Records:
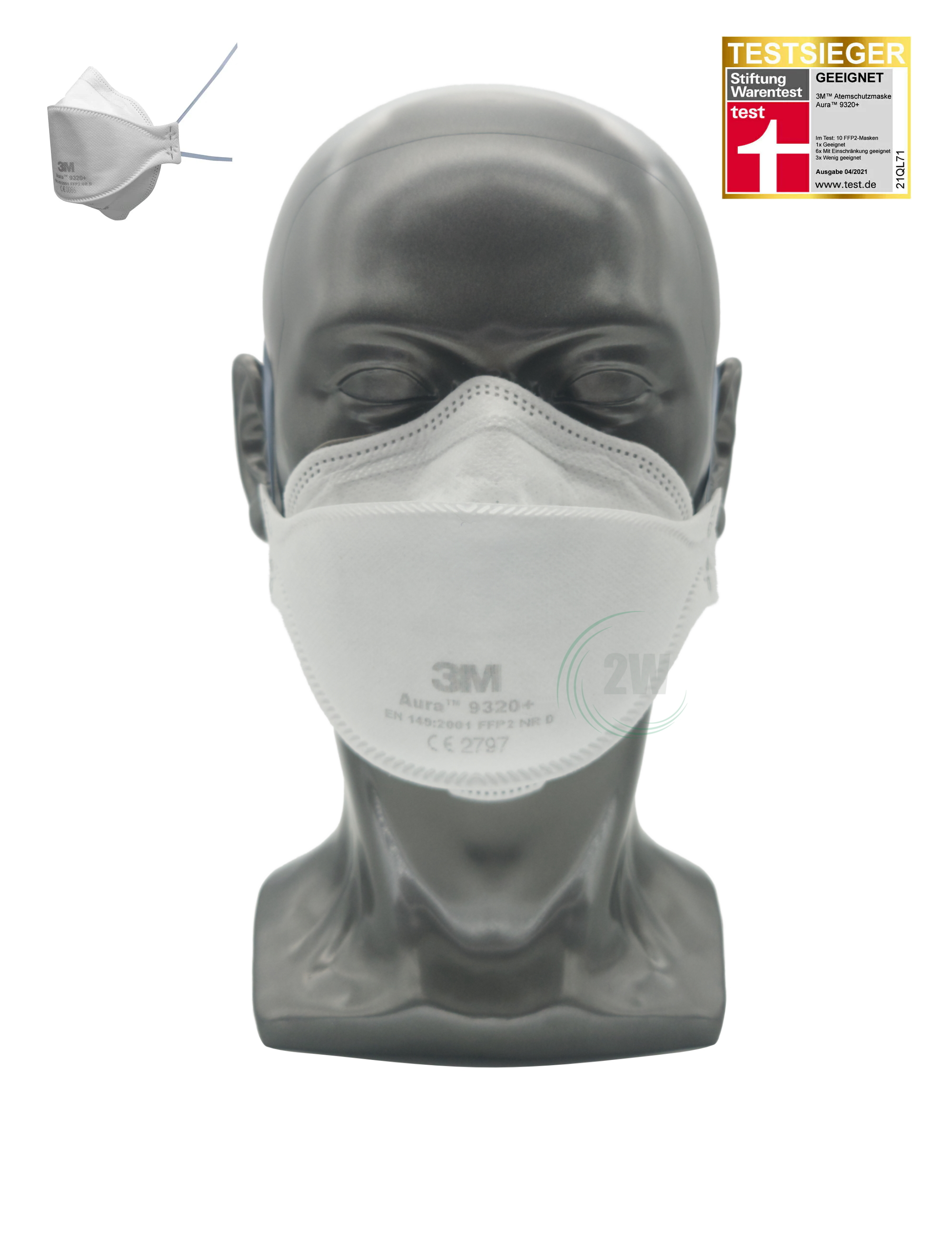 3M Aura 9320+ Atemschutzmaske ohne Ventil FFP2 NR D Bulk (20 Stk.)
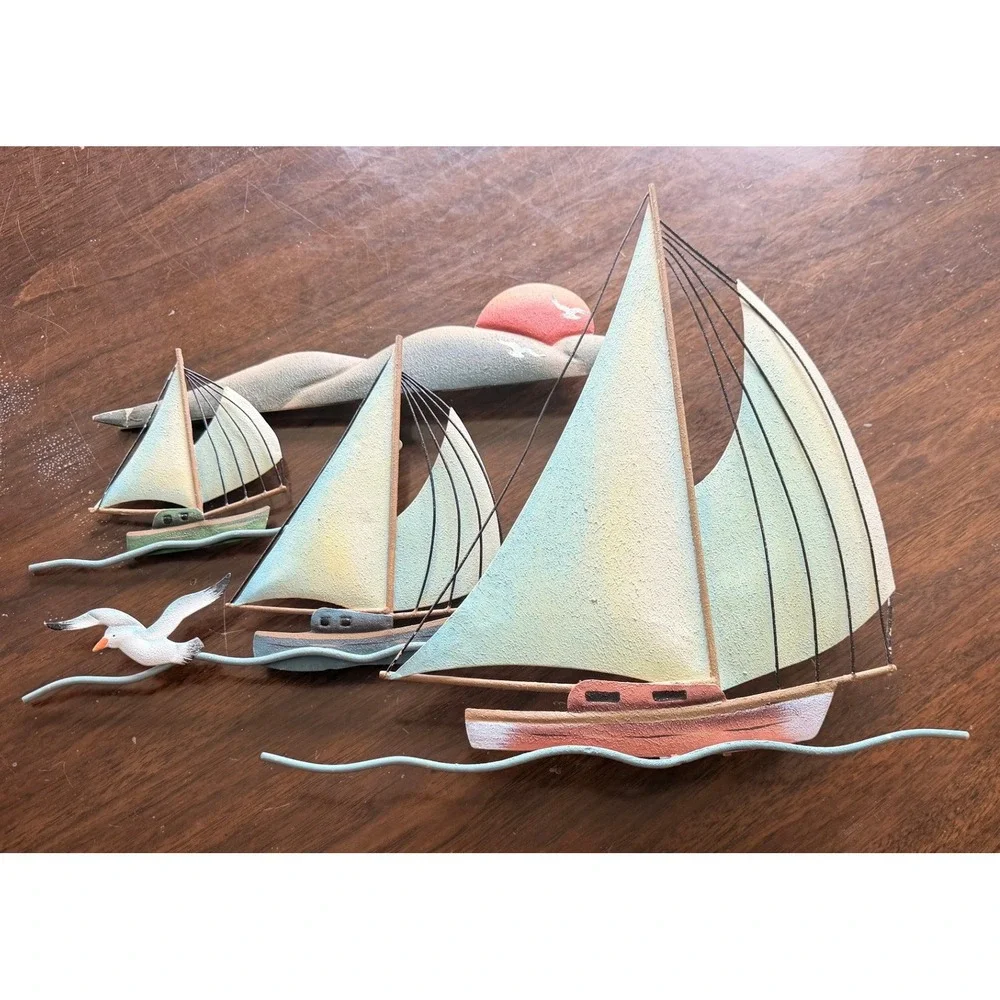 Vintage Metal Sailboat Wall Art Coastal Nautical Beach Decor Sailing Wall Hang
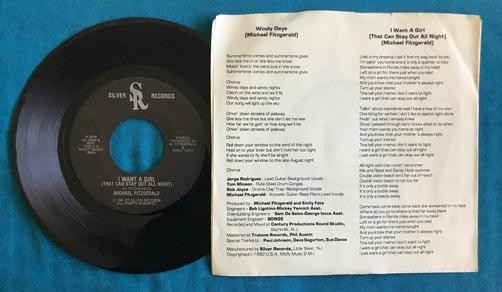 MICHAEL FITZGERALD WINDY DAYS / WANT A GIRL~NM 1982 SILVER RECORDS 7" 45 PIC SLV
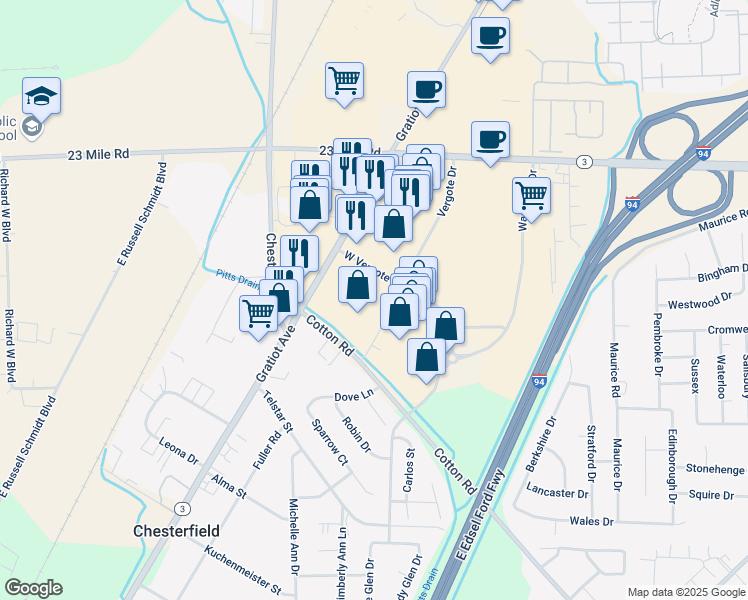 map of restaurants, bars, coffee shops, grocery stores, and more near 50500 Gratiot Avenue in New Baltimore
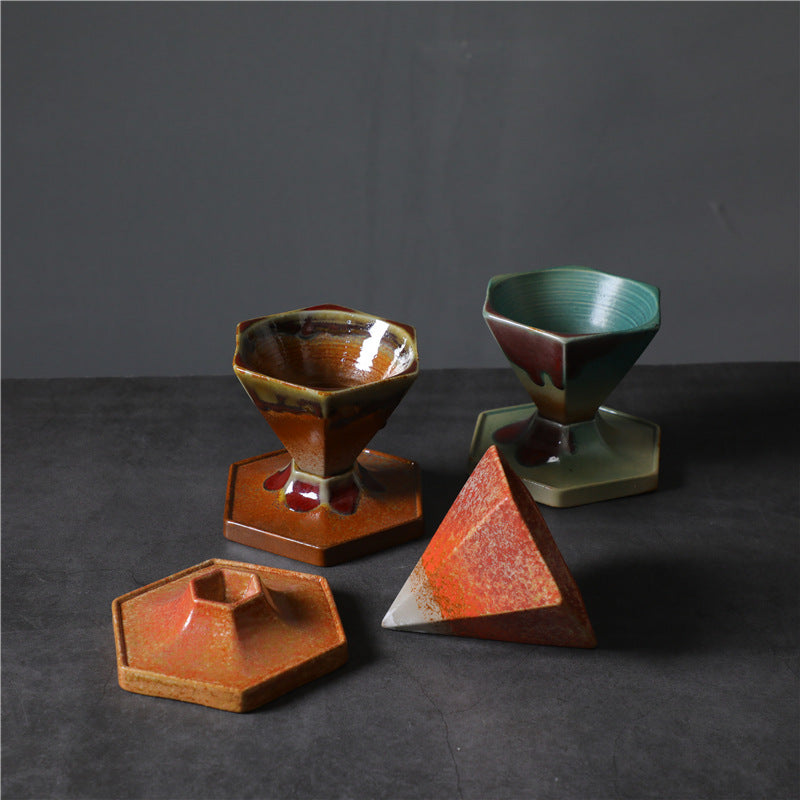 Taza de café y té de cerámica con diseño hexagonal de Buddha Stones, taza de café con base de 170ml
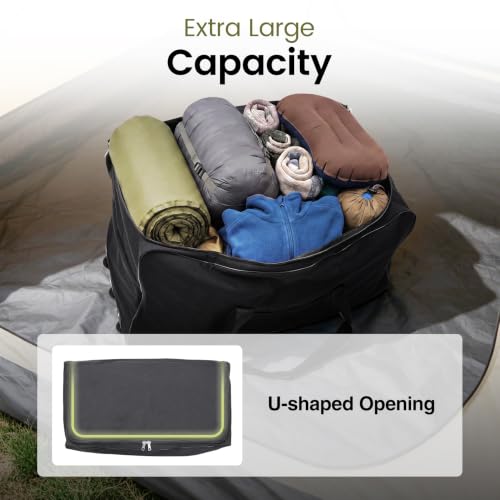REDCAMP 85L/120L/140L Foldable Duffle Bag with Wheels, Large Travel Duffel Bag - color: Black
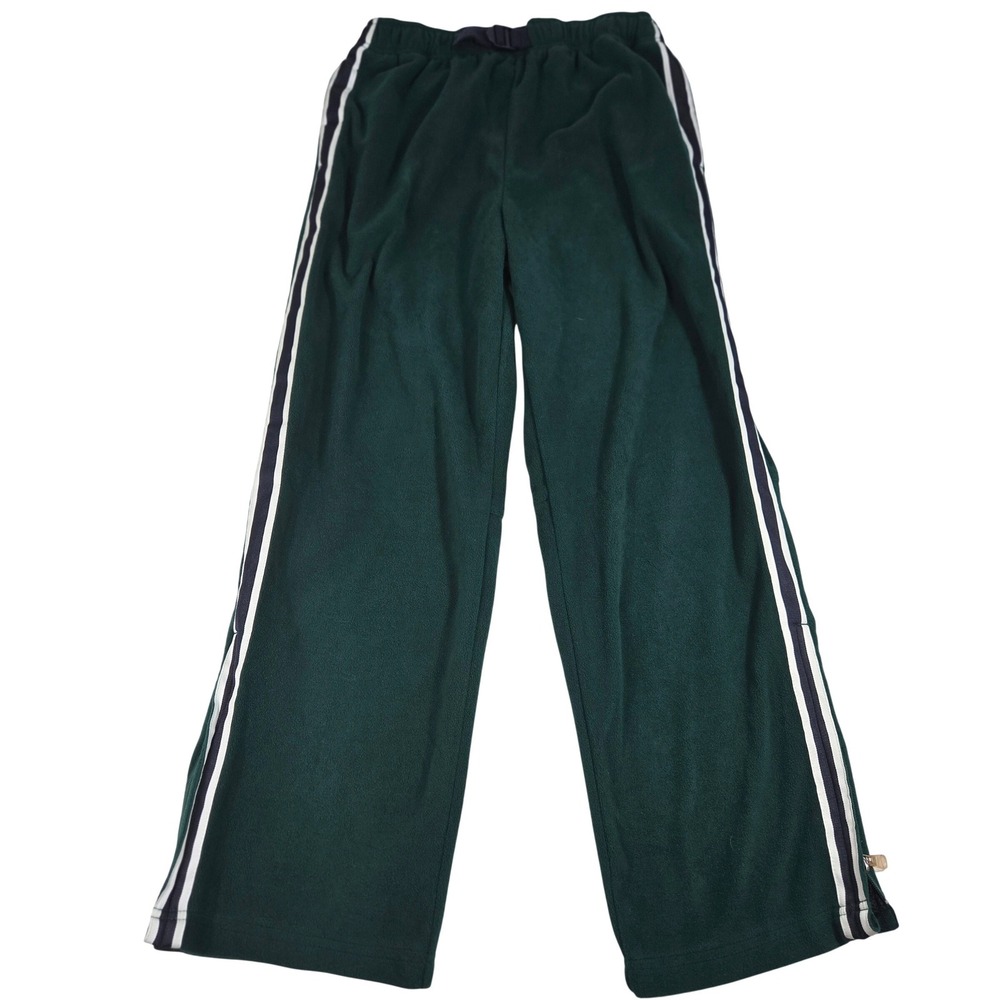 VTG Fivestar Rigo International Track Pants‎ Green Fleece  Side Stripe M Men Y2K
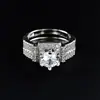 Nuevo anillo de diamantes de simulación ocho corazones ocho flechas para mujer, moda europea y americana, anillo de compromiso totalmente de diamantes r5047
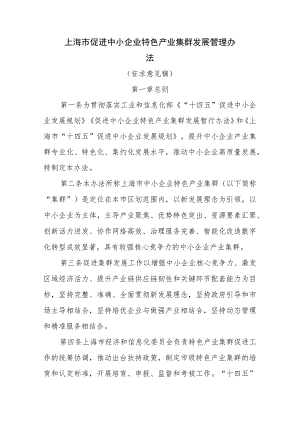 上海市促进中小企业特色产业集群发展管理办法.docx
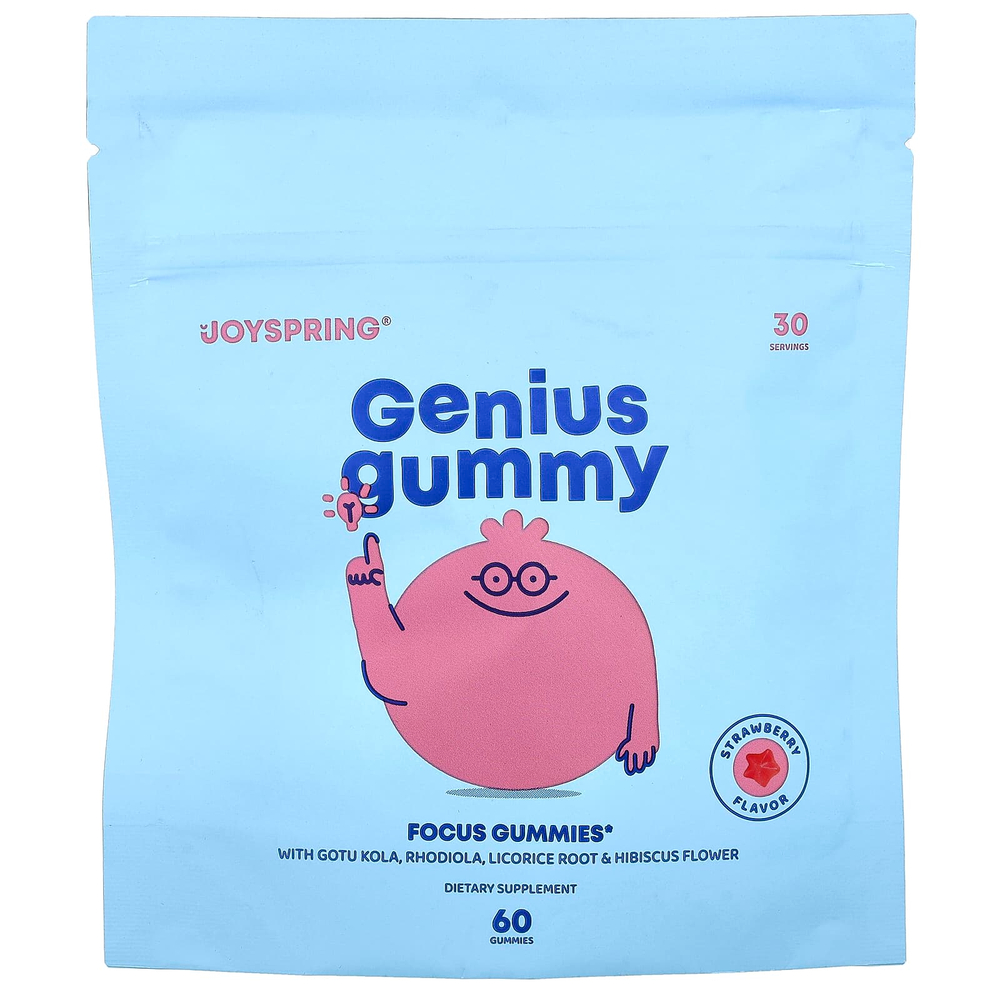 JoySpring, Genius, жевательные мармеладки, со вкусом клубники, 60 жевательных конфет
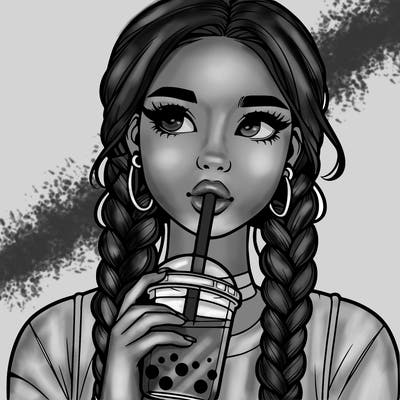 realistic girl with braided hair drinking boba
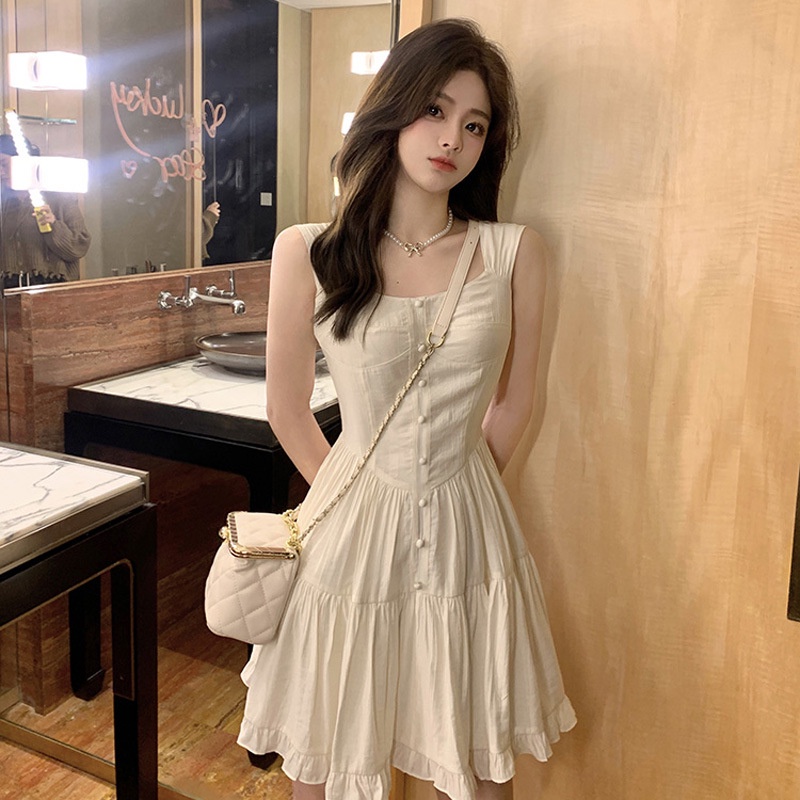 Trang phục< Little Fairy Cabinet > Đầm Hai Dây Nhấn Eo Phong Cách Pháp Ngọt Ngào Mùa Hè Cho Nữ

Problem:
Retype the data in full. Images do not go in the copy.

Task solution:
 3M Aura 9320+ Atemschutzmaske ohne Ventil FFP2 NR D Bulk (20 Stk.)
 Vintage Metal Sailboat Wall Art Coastal Nautical Beach Decor Sailing Wall Hang
 MICHAEL FITZGERALD WINDY DAYS / WANT A GIRL~NM 1982 SILVER RECORDS 7" 45 PIC SLV
 map of restaurants, bars, coffee shops, grocery stores, and more near 50500 Gratiot Avenue in New Baltimore
 Taza de café y té de cerámica con diseño hexagonal de Buddha Stones, taza de café con base de 170ml
REDCAMP 85L/120L/140L Foldable Duffle Bag with Wheels, Large Travel Duffel Bag - color: Black
 VTG Fivestar Rigo International Track Pants‎ Green Fleece  Side Stripe M Men Y2K
 Nuevo anillo de diamantes de simulación ocho corazones ocho flechas para mujer, moda europea y americana, anillo de compromiso totalmente de diamantes r5047
 上海市促进中小企业特色产业集群发展管理办法.docx
 JoySpring, Genius, жевательные мармеладки, со вкусом клубники, 60 жевательных конфет
 realistic girl with braided hair drinking boba
 Trang phục< Little Fairy Cabinet > Đầm Hai Dây Nhấn Eo Phong Cách Pháp Ngọt Ngào Mùa Hè Cho Nữ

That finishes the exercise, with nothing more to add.